Seems that the content of the quote referred to in Hamilton's first point has got lost somewhere. Hamilton does not address it, chooosing a legalistic or polemical reading over a pragmatic, communication-oriented one. That point doesn't look to me like it really is about ALL positions, despite the unfortunate wording, but about conflicting moral positions that for one reason or another we cannot weigh as a matter of public policy. I am inclined to look at the example to try to understand what is being said: the quote refers to conflicting Moslem/Christian/Scientologist positions. It sounds like Hamilton thinks that he can choose between the Anglo-Saxon, Moslem and Scientologist moral positions, or is he attempting to run the same kind of "value-free" argument that he seems to be simultaneously claiming for himself and criticising in Jon?
Another morally superior econmomist... Logic IS a value-free process, its argument that is not, and its polemic that uses terms like deluded and questions the mental state of critics. Always important to get the wording exactly right...
The core problem with the effect that economics training has on people is that it trains them to ignore the messy, unexpected behaviour of the real world. A helping of the Law of unintended consequences anyone? He tries to deal with the points about scope creep and technical failure by addressing himself to the author's mental state, always a bad sign in an argument.
"So an argument always depends on the assumptions underpinning it, including the moral assumptions.
"Tech geeks are like neoclassical economists -- they think what they say is somehow "value free". This is a delusion entertained by people who lack an explicit philosophical perspective, and therefore remain captive to an implicit one.
"My replies to my critics have been an attempt to get them to be clear about their ethical positions.
What drivel. I and many others are against the technological solution proposed because it will not work; not because we are unclear on our ethical position.
We see it as deliberate physical damage to an important communication tool, which is tightly geared to almost every facet of modern life - be it business, be it education or be it community online. All of these would be damaged; and for what?
An ineffective filter which fails to catch those who are committing acts of abuse against children.
We full well know our arguments are not value-free; we also have a good sense as to what is more important.
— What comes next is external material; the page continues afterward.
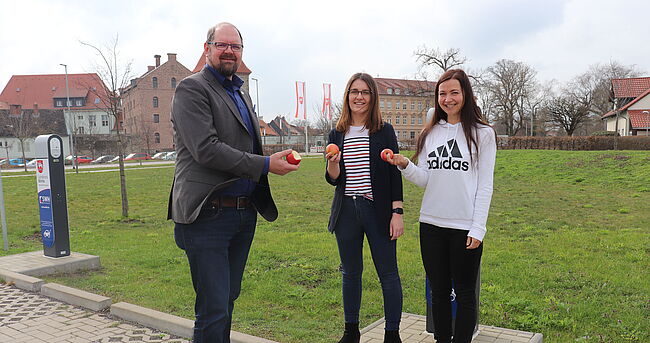 Foto Uwe Baumgart / statt Fleisch steht bei Landrat Martin Stichnoth in diesen Wochen mehr Obst und Gemüse auf dem Speiseplan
Crippling the masses for the sake of a few is rarely a good idea, let alone when crippling the masses doesn't actually protect the few.
It would be less than ethical for many individuals who work in the field to allow this gross waste of money and effort to proceed.
As for the accusation that I quoted "selectively", the words selected are not out of context. The rest of the quote only reinforces the point about unthinking moral relativism.
Is Prof Hamilton so out of touch with reality and the common man to think he somehow can reinterpret the whole quote to mean something that it obviously does not say.
It was rather obvious what the quote is saying and it would seem that Prof Hamilton knew what it mean, but had to redefine it so that his argument would fit.
Yes Prof Hamilton I have read your discussion papers and wonder why anyone would treat them as respected research papers. I guess that they use them to further their own agendas.
You imprint your desired outcomes into the both the questions asked and the responses. So of course you get the results you do, your surveys are designed to elicit the results you want. Even when the answers do not fit, you create a framework and then fit the answers in so that they say whatever you wish.
Those of us who do real research, can only shake our heads at the conclusions you come up with. No wonder you only write discussion papers and not actual research.
Shame Prof Hamilton does not listen to people and is only concerned in defending his creditability.